Something cool I noticed that might help prove your point is that ever since my roosters started mating I haven't heard the egg/escort call. I guess that is because the cockerels always over-mate the pullets and aren't very popular at this age. I can't blame the girls
I am a big believer in spending time with my flock, abserving moslty. I’m always in a constant need to learn more. Just today when one of my hens started making that sound they make when there ready and looking for a spot to lay, like a whiny almost honking noise, I remembered this article so I paid very close attention and soon enough there was my lead hen she’s always been very dominant always the “lookout” (replacement for my wounded Cornish x & my Silkie rooster who was keeping him company) she’s the rooster in this situation I saw the two run behind the shed, after some time I noticed the lead hen was back with the flock, and Rusty (hen trying to lay) was stil Behring the shed.

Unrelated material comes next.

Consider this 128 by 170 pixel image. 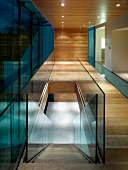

Than we all heard it the buk-buk-bukaw sound the lead hen & I went running over and there was her egg, she was safely escorted back to the flock.
Great article! I had always assumed the hens we just having a little victory song after they laid, or possibly announcing to the other hens about their accomplishment! This makes much more sense. This also answers why sometimes the hens sing the song, and other times they don’t. Thank you for the information and the great read!
This certainly explains certain behaviors, however, Im curious as to why my girls still give the call while enclosed for the winter in a 12x9 coop with the rooster. Is it possible that my hens do not like my rooster? And if so, are they hoping to attract a different roo?
Interesting look at the how and why a hen makes her "egg call," seems she's actually calling her rooster back because she's done laying and wants to be escorted back to the rest of the flock. Great post!
Thank you for sharing your observations and thoughts with us. I've seen my own roo escorting the girls back to the herd after they call. I found it sweet and romantic I honestly thought it was for protection and not about keeping other roosters away though. I never thought about it from that perspective.
I love that you experimented to prove your theory too. Great article Shad!